Em palavras simples: a questão é até que ponto estamos dispostos a permitir a existência de vozes divergentes – mesmo em tempo de guerra – e até que ponto entendemos que a resiliência nacional não é uniformidade, mas a capacidade de acolher o dissenso.

Portanto, a questão não é se se pode criticar,  mas como se deve fazê-lo: com responsabilidade, com compromisso para com o Estado e seu futuro, e distinguindo entre uma crítica legítima e substantiva e uma corrosão de seus próprios fundamentos. As fronteiras nem sempre são palpáveis, mas são claras para quem age com intenção honesta e responsável.

O protesto atual mostra que a sociedade israelense é capaz de sustentar essa tensão – de servir e lutar e, ao mesmo tempo, erguer uma voz clara contra políticas que lhe parecem perigosas ou destrutivas. Isso não é sinal de fraqueza; é prova da força cidadã e de uma democracia vibrante, que precisa ser preservada e cultivada. Diante das manifestações de agora, está mais evidente do que nunca: a voz crítica não é “contra o Estado” – mas parte inseparável da luta por ele e pela defesa do seu futuro.
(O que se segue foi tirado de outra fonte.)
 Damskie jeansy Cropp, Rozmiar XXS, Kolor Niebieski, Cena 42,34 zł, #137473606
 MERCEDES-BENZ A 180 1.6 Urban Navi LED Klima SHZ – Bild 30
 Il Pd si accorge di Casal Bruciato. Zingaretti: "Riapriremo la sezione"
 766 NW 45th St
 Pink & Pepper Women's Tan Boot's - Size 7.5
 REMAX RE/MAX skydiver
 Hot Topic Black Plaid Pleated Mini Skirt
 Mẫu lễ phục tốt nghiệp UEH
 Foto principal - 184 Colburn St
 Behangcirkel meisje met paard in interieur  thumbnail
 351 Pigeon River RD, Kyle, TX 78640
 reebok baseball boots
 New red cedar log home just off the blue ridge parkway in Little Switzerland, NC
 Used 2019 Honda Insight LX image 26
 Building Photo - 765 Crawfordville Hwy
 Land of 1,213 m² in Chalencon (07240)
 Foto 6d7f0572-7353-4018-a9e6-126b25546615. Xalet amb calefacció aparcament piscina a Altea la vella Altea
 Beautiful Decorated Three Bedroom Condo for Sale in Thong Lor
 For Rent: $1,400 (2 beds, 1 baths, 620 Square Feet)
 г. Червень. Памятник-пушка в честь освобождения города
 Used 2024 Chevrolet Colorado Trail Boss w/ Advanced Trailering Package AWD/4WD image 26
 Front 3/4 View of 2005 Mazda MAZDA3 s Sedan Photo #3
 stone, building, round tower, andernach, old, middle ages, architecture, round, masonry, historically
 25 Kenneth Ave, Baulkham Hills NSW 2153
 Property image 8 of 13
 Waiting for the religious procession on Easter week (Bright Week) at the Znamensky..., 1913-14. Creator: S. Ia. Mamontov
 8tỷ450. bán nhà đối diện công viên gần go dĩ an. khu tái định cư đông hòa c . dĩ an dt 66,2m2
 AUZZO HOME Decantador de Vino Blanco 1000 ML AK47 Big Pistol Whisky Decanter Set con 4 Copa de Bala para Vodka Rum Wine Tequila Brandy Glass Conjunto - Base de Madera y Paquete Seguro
Mais de quinhentas mil pessoas participaram do ato de encerramento do “Dia da Paralisação Nacional” – um gesto cívico que não traz apenas simbolismo, mas também necessidade: preservar e fortalecer a alma que nos sustenta como povo e como indivíduos. Os que participaram do evento foram os próprios cidadãos israelenses que se recusam a ficar de braços cruzados e, há meses, clamam pela devolução dos reféns vivos e pela restituição dos reféns mortos que o governo de Israel até agora falhou em trazer de volta – criando, assim, uma ferida moral que contradiz profundamente nossos valores, nossas crenças e nossa consciência.

O protesto não começou ontem, mas ontem atingiu um ápice significativo – e não vai parar. Como está escrito em “Pirkei Avot” (Ética dos Pais): “Em um lugar onde não há homens, esforce-se para ser um homem” – isto é, onde não há quem saiba ou possa fazer o que é correto, cabe ao indivíduo preencher o vazio, agir corretamente e mostrar o caminho.

Pois sim – nós, o público israelense, o faremos. A jornada já começou.

Esse texto não reflete necessariamente a opinião do Instituto Brasil-Israel.